### [TASK MATERIAL]
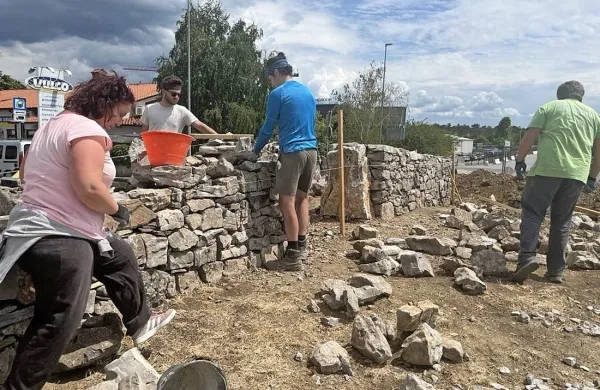 Kroži&scaron;če s kra&scaron;kim suhim zidom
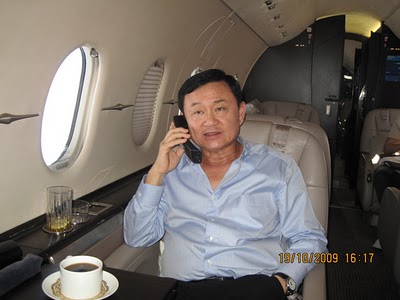 thaksinjet.jpg.e66f75584fcbe07b1cad57b14d2f8ee7.jpg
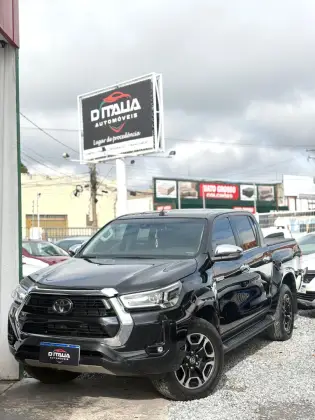TOYOTA HILUX 2.8 D-4D TURBO DIESEL CD SRX 4X4 AUTOMÁTICO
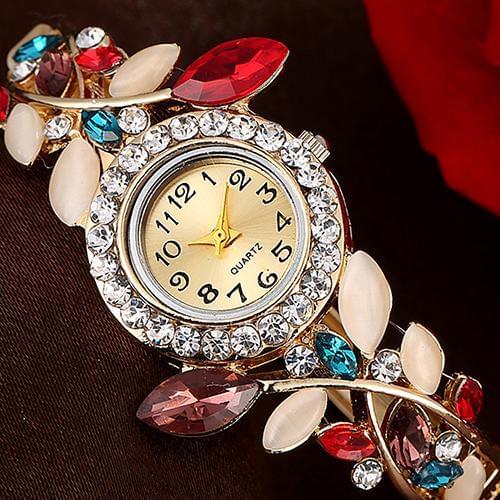 Womens Leaves Round Dial Rhinestone Inlaid Bracelet Quartz Dress Wrist Watch Bracelet fashion casual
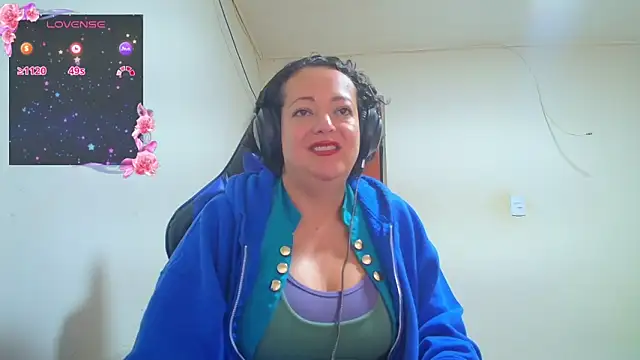 Miss Oriana online show from November 2025 08:52:02 PM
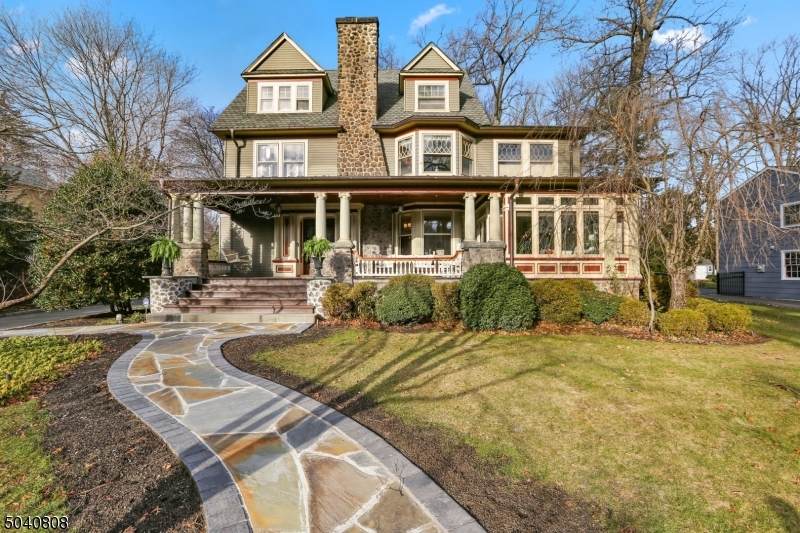 205 Fernwood Ave - Photo 1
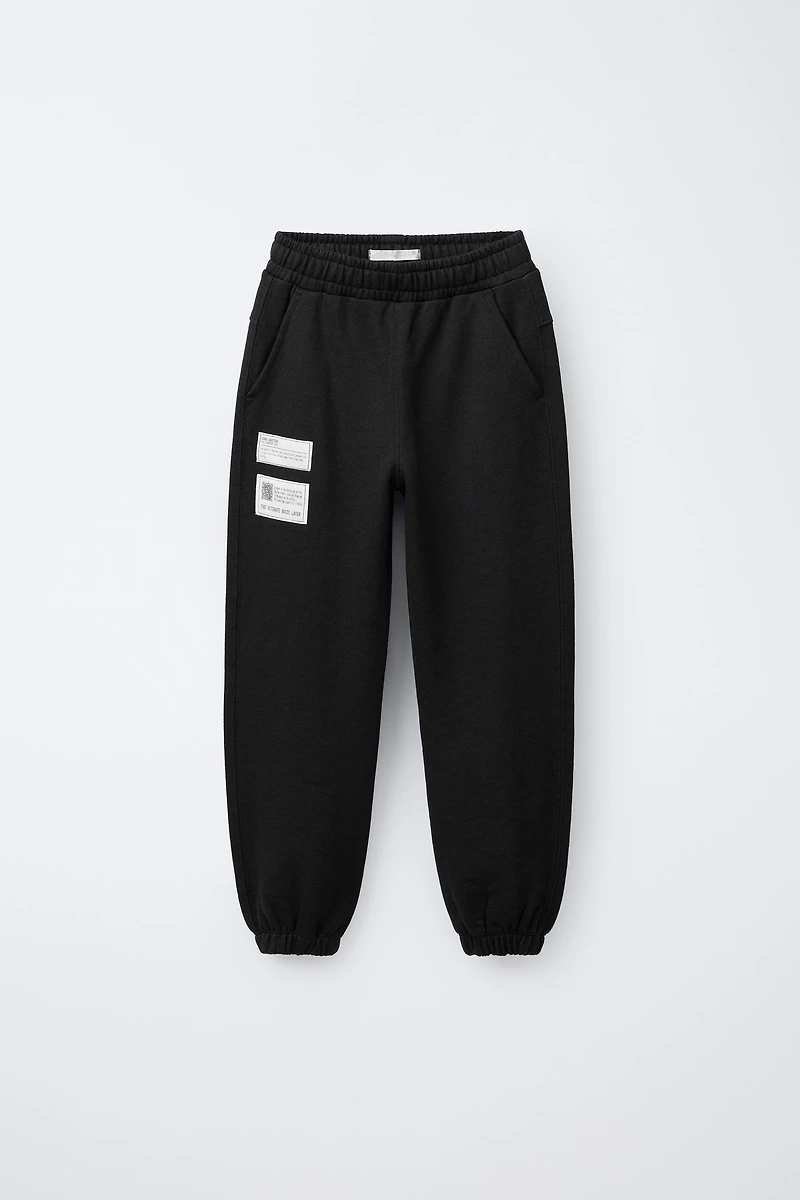 ZIP-UP SWEATSHIRT AND JOGGER PANTS WITH LABELS SET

### [EXERCISE AIM]
Repeat the data exactly. Pictures should not appear.

### [EXERCISE OUTPUT]
 Kroži&scaron;če s kra&scaron;kim suhim zidom
 thaksinjet.jpg.e66f75584fcbe07b1cad57b14d2f8ee7.jpg
TOYOTA HILUX 2.8 D-4D TURBO DIESEL CD SRX 4X4 AUTOMÁTICO
 Womens Leaves Round Dial Rhinestone Inlaid Bracelet Quartz Dress Wrist Watch Bracelet fashion casual
 Miss Oriana online show from November 2025 08:52:02 PM
 205 Fernwood Ave - Photo 1
 ZIP-UP SWEATSHIRT AND JOGGER PANTS WITH LABELS SET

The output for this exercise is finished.